This new edition of Adam Swift‘s highly readable introduction to political philosophy includes new material on global justice, feminism, and method in political theory, as well as updated guides to further reading. This book aims to bring the insights of the world′s leading political philosophers to a wide general audience, and employs plenty of examples in an attempt to equip readers to think for themselves about the ideas that shape political life. This is a fluent and well written introductory text for students of political philosophy and it serves as a very good jumping off point for studying the issues involved in more depth, writes Steven Harkins.
Political Philosophy: A Beginner’s Guide for Students and Politicians. Third Edition. Adam Swift. Polity Press. October 2013.
Adam Swift’s Political Philosophy is targeted as an introductory guide to the topic for students and politicians. The book examines political philosophy by focusing on the concepts of social justice, liberty, equality, community and democracy. This newly published third edition has been updated to include discussions on global justice and gender equality, and these chapters provide the focus of this review.
Globally there are 500 million people who are medically obese, while 900 million people do not have enough to eat.

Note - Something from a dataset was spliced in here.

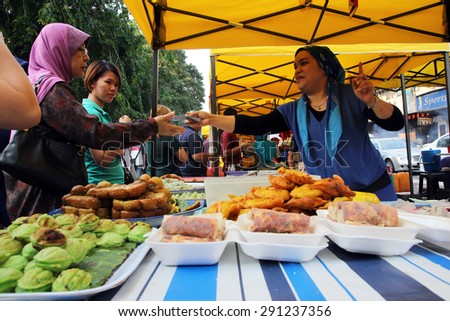 KUALA LUMPUR, MALAYSIA - JUNE 25, 2015 : Customers buying food from a stall at a ramadhan bazaar before breaking fast.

Social justice and inequality have become the defining political issues of the modern era and scholars like Wilkinson and Pickett and Danny Dorling have been exploring the effects of the latter in creative and interesting ways. This book serves as a strong introduction to a range of philosophical perspectives on these issues.
Swift has an accessible writing style which is ideal for an introductory textbook and the structure of the book – examining political philosophy through a series of concepts – is refreshingly original. Many of the standard textbooks on political philosophy are structured in a way that examines individual political philosophers in isolation to each other, beginning with Hobbes and moving on to Locke, Rousseau, and Marx etc. As Swift points out, academic political philosophy was either ‘the history of political thought’ or ‘quasi-technical linguistic analysis of the meaning of political concepts’. This was changed, he argues, following the publication of John Rawls Theory of Justice in 1971, and because of this the book begins by examining social justice.
Swift presents a critical discussion where philosophical contributions are examined through concepts like social justice. This approach presents radically different philosophical contributions as part of the same conversation and this approach is useful because it captures why many these texts were written. For example Friedrich von Hayek’s Road to Serfdom (1944) was a response to a developing intellectual movement towards a more collectivist economic policy. More specifically it was ‘written in some haste’ following the publication of the Beveridge report (see page 79 of Cockett’s Thinking the Unthinkable). Despite an additional section exploring global justice, the role of the state in delivering social justice is the central concern of Swift’s chapter on the topic.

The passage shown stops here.